* **Instructions to follow**: Give the number of lines in the material below that hold "Leather", and nothing besides.

BEGIN

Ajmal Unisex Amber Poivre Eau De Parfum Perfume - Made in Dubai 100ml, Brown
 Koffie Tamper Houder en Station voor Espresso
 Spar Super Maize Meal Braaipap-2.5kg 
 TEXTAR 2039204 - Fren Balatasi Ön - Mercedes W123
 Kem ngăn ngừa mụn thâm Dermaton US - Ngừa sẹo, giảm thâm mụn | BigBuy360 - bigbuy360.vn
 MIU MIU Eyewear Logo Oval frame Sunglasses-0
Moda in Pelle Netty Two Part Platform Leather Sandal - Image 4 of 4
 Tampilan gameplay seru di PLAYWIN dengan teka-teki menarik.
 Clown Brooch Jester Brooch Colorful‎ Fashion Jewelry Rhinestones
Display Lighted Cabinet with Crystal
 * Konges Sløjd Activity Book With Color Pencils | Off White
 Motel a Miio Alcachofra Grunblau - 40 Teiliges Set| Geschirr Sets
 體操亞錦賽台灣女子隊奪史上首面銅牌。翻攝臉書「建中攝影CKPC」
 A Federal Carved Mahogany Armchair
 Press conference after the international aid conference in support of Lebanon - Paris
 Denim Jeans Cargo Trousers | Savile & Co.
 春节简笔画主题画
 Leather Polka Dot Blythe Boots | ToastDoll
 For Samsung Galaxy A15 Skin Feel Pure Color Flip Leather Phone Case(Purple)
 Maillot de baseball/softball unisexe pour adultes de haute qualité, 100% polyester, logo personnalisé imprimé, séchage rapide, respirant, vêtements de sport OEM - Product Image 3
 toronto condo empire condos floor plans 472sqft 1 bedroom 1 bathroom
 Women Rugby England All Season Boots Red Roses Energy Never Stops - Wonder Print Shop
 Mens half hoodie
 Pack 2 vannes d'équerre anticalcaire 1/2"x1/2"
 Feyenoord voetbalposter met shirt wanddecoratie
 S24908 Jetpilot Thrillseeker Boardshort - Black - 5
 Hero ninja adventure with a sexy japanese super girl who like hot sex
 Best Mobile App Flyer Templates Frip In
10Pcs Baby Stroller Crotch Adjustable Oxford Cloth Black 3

END

* **Solution below**: 3